The Garden’s philosophy

Kipos (The Garden) as an idea was born some time during 2000, as we were gradually transfering activities relevant to mental health, socio-cultural animation or group empowerment out of the four walls and into nature: in gardens and parks, by river banks, on mountain paths. We were noticing then, that each time we allowed nature to coexist – not as the mere background of our actions, but as an interlocutor – something deeper changed within individuals and groups.

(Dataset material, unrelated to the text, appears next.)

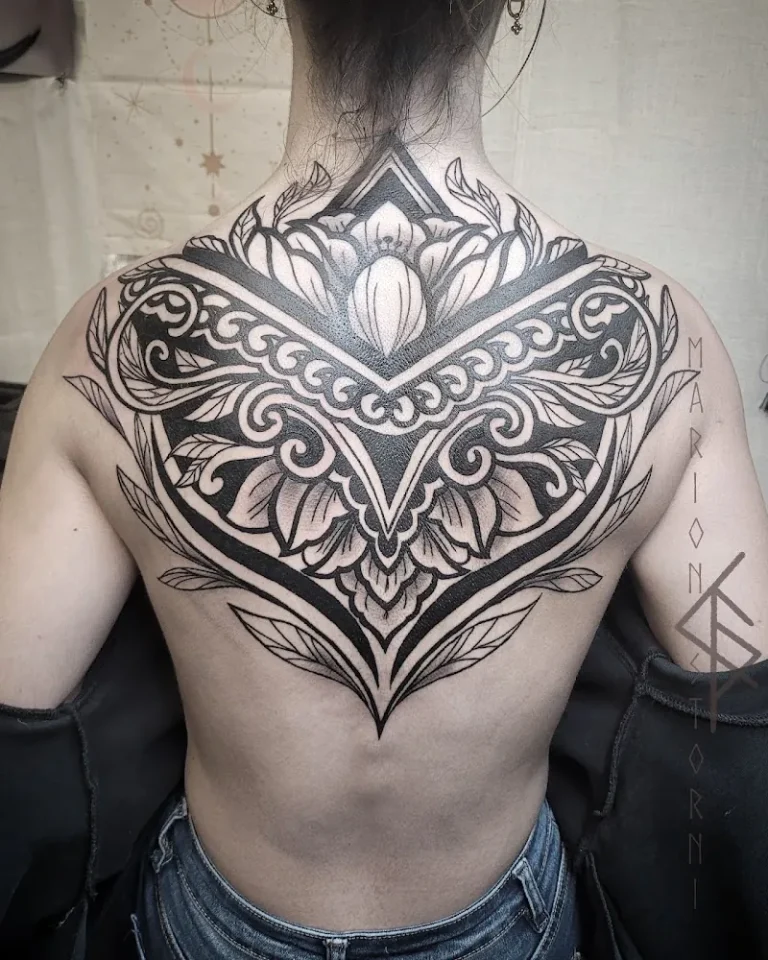 Amazink tattoo piercing 2 768x960
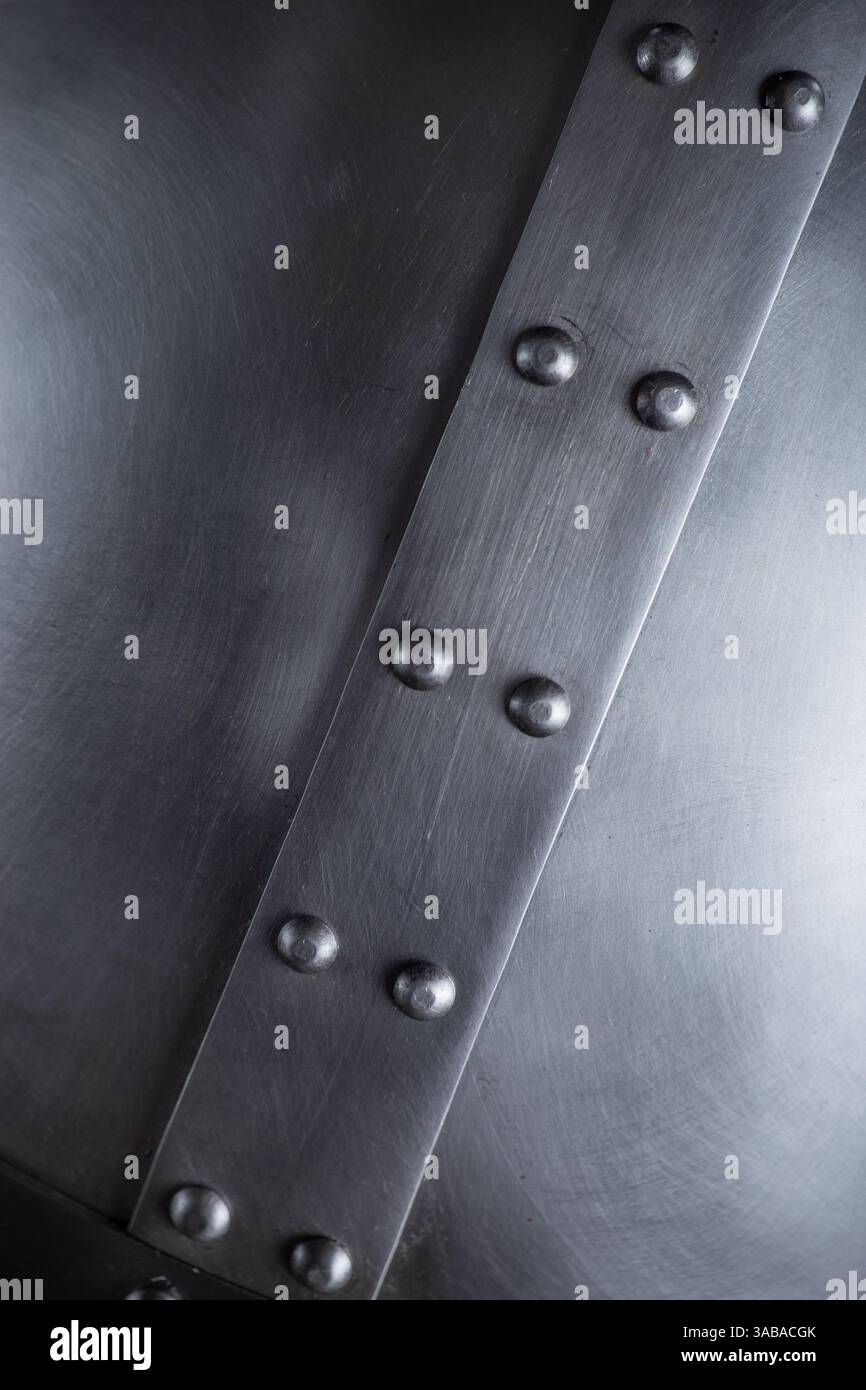 Struttura dettagliata del armatura con piastra in acciaio rivettata. Foto ravvicinata che mostra la maestria artigianale di un piatto metallico con rivetti forti. Foto Stock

Kipos (The Garden) is established on a series of observations:

  • It is impossible to work with individuals unless you work with their communities. Such communities do not only include humans, but also non humans. And by non humans we mean each living being. We live in polyphonic worlds that are creatively intertwined and actively, perpetually shape each other.
  • Working with communities offers the best possible option for prevention. The more open a community is in accepting internal diversity, as well as the diversity of its surroundings (or else environment), the more creatively it can overcome difficulties and challenges, the more richer becomes the common life.
  • No human, no living being can flourish individually. A good life, a life worth living presupposes an awareness of the interconnectedness between us. And while systemic therapies at least, approach the psychotherapeutic process as one that either directly or indirectly incorporates humans within their social systems, they often tend to forget an additional parametre: such social systems do not develop within a vacuum, but in particular places, geographies, weather systems and so on and so forth. Geographies, weathers, other beings living in forests, lakes, seas, rivers, the air enrich our customs and values, our everyday practices, the ways in which we see and understand the world and hence, by extension, ourselves. In a way, we do not just live in nature, but we are nature.
Almond flower petals, Athens, Greece – photo by Tina Lygdopoulou
  • Nature, just like art, often unfolds despite our best plans, exceeding our intentions (best or not), following its own rhythm, allowing for the unexpected to emerge and providing thus the needed space for multiple, open identifications, fluid in space and time. To be able to follow the unexpected is a great gift: the self, the community, the world expand. 
  • Each time we seek to understand ourselves (or the world or the world within our selves or our selves as the world) both nature and art provide the space for dialogue – verbal and non verbal. The notion of dialogue is central in each form of therapy: in dialogue with the soul, the body, other humans, every living being.
  • No therapeutic approach can be considered whole if it does not entail the notion of prevention. Prevention does not necessarily have to be confined within personal life attitudes or social interventions, but may also be relevant to ways of living.
  • Prevention is connected to the well-being of individuals and communities. This kind of well-being is not as much relevant to the state of finances, but to the notion that each person can fulfil his/her potential, that his/her basic needs are met, that s/he has access to a network of relationships characterised by mutuality, care and solidarity. Well-being, that is a good life, is possible when individuals and their communities prosper.
  • Both therapy and prevention need to include mind, sould and body. We live in this world with our bodies, not just our emotions or thoughts. Each attempt to approach the body, the spirit or the soul as separate entities is doomed to fail, as the three of them are interrelated, interconnected and mutually define each other. At the same time, any approach to self-awareness needs to include both the body and the world in order for prevention to be possible and a sense of embodied, emotional and spiritual well-being for individuals and communities to be achieved.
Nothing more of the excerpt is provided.